Salgın sürecinde, hasta oranında yüzde 60 seviyesinde bir düşüş olduğuna dikkat çeken Prof. Dr. Bilgen, “Vatandaşlarımızın bu süreçte evde kalması gerekiyor ve bizler de acil olmayan hastaları kabul etmiyoruz. Bu sürecin ekonomik ve sağlık açısında çok iyi bir şekilde, işi bilen insanlar tarafından yönetildiğini düşünüyorum. Sağlık yönetimi kötü olsaydı, bu ekonomiye çok olumsuz yansırdı. Hasta oranlarımız düşse de burada bize düşen görev dayanmak. Yaşadığımız sıkıntıları devlet büyüklerimiz görüyor ve bu işin farkındalar. Bizim sıkıntıya düştüğümüzde onların yardım elini uzatacağına inanıyorum. Zaten bir ekonomik paket açıklandı, bu doğrultuda bir takım yardımlar geliyor, atılması gereken adımlar, sırasıyla atılıyor. Biz bu işin en ön safındayız ve halkımızın sağlık ve sıhhati için görevdeyiz” diye konuştu.

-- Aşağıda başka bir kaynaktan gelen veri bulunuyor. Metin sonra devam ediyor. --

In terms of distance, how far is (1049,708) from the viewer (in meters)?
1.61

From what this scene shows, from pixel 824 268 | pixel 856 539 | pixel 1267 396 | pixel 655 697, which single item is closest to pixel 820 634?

Hızlı tanı kitlerinin özel hastanelerde parayla uygulandığı hakkında çıkan haberlere de değinen Özel Medicabil Hastanesi Yönetim Kurulu Başkanı Prof. Dr. Bilgen, sözlerini şöyle noktaladı: “Özel hastaneler para derdine düşmüş gibi bir durum olamaz. En başında hekimler ve sağlık çalışanları olarak bizim aldığımız terbiye bu değil. Devletimiz bu testlerin parasını ödüyor. Bu zor zamanlarda vatandaşlarımızın korkusundan faydalanmak doğru bir şey değil. Böyle bir hareket hekimliğe de, insanlığa da sığmaz. Bursa’da bunu yapan bir sağlık kuruluşu olduğunu da düşünmüyorum.”